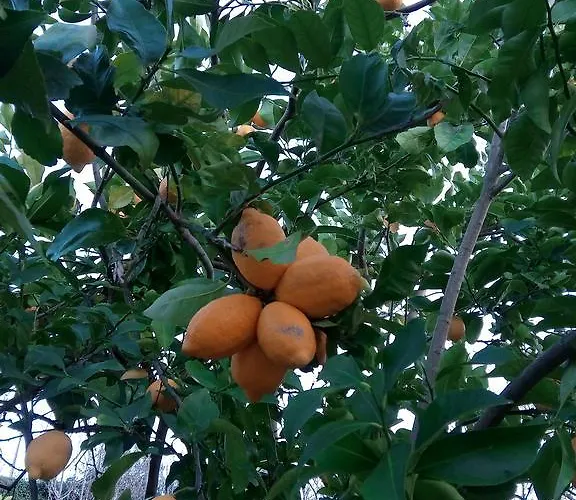 Douro Balcony Resende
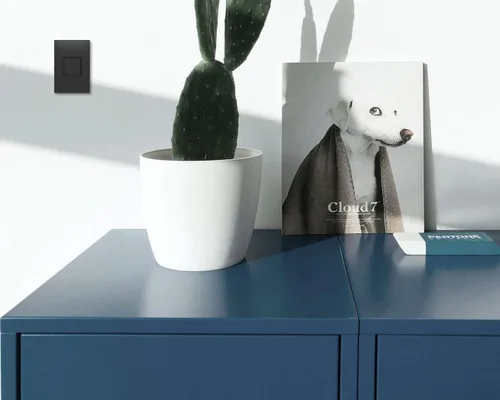 Miniatura 3 de Legrand adorne ARPTR151GG2WP - Toma de corriente emergente de 1 banda de 15 amperios en grafito con placa de pared a juego, ARPTR151GG2WP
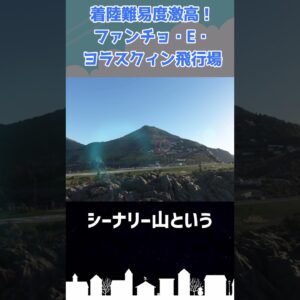 着陸が難しくて草しか生えない空港があるらしい #shorts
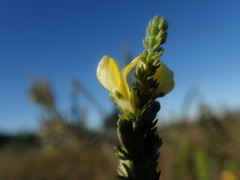 Aspalathus opaca rostriloba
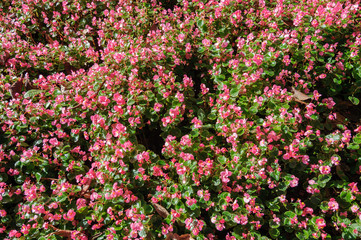 Pink begonia flowers in the summer garden.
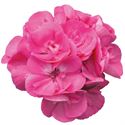 Afbeelding van Geranium Staand P12 Moonlight Amelie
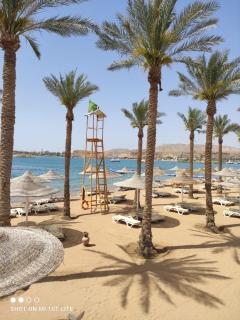 Seti Sharm Palm Beach Resort Families and couples only - Sharm el Sheikh - 5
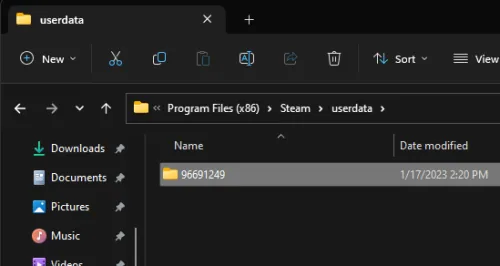 Locate your userdata Steam saves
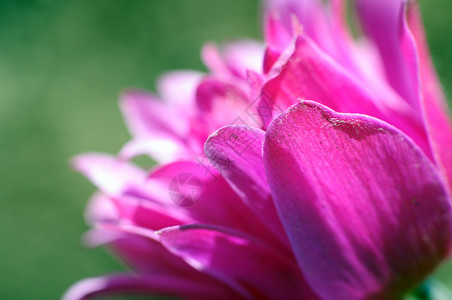 粉紫花背景图片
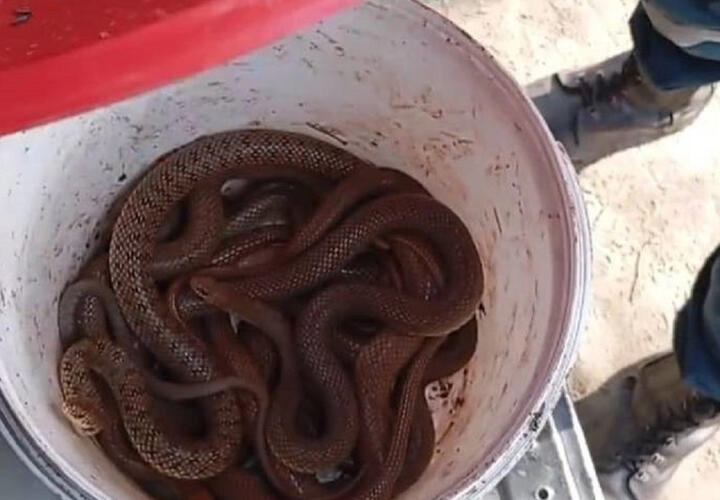 Змеи атаковали дом жительницы Армавира 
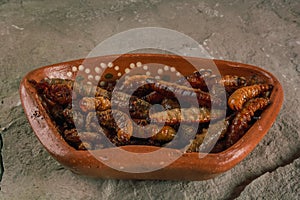 Fried chinicuiles with tortilla chips and guacamole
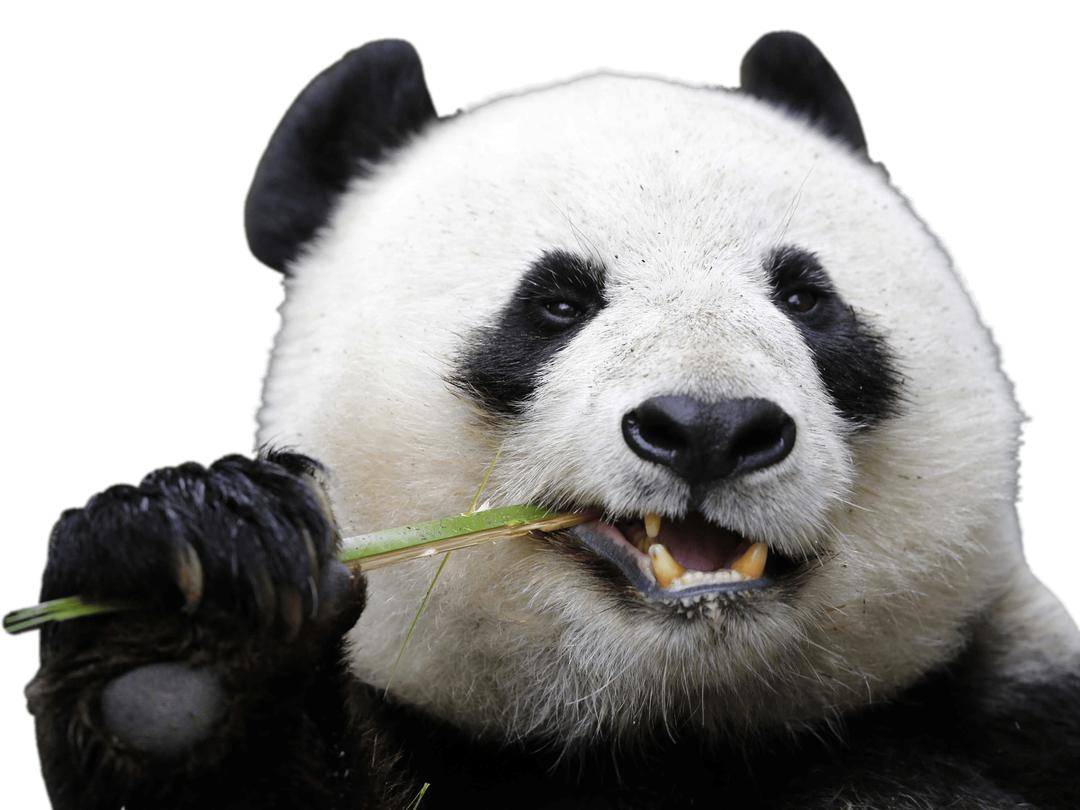 Eating Panda png transparent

- _EXERCISE GOAL_:
Beginning with the first line of the material above, please output each line exactly through the line that contains "Seti Sharm Palm", and only those, leaving out pictures.

- _ANSWER SECTION_:
 Douro Balcony Resende
 Miniatura 3 de Legrand adorne ARPTR151GG2WP - Toma de corriente emergente de 1 banda de 15 amperios en grafito con placa de pared a juego, ARPTR151GG2WP
 着陸が難しくて草しか生えない空港があるらしい #shorts
 Aspalathus opaca rostriloba
 Pink begonia flowers in the summer garden.
 Afbeelding van Geranium Staand P12 Moonlight Amelie
 Seti Sharm Palm Beach Resort Families and couples only - Sharm el Sheikh - 5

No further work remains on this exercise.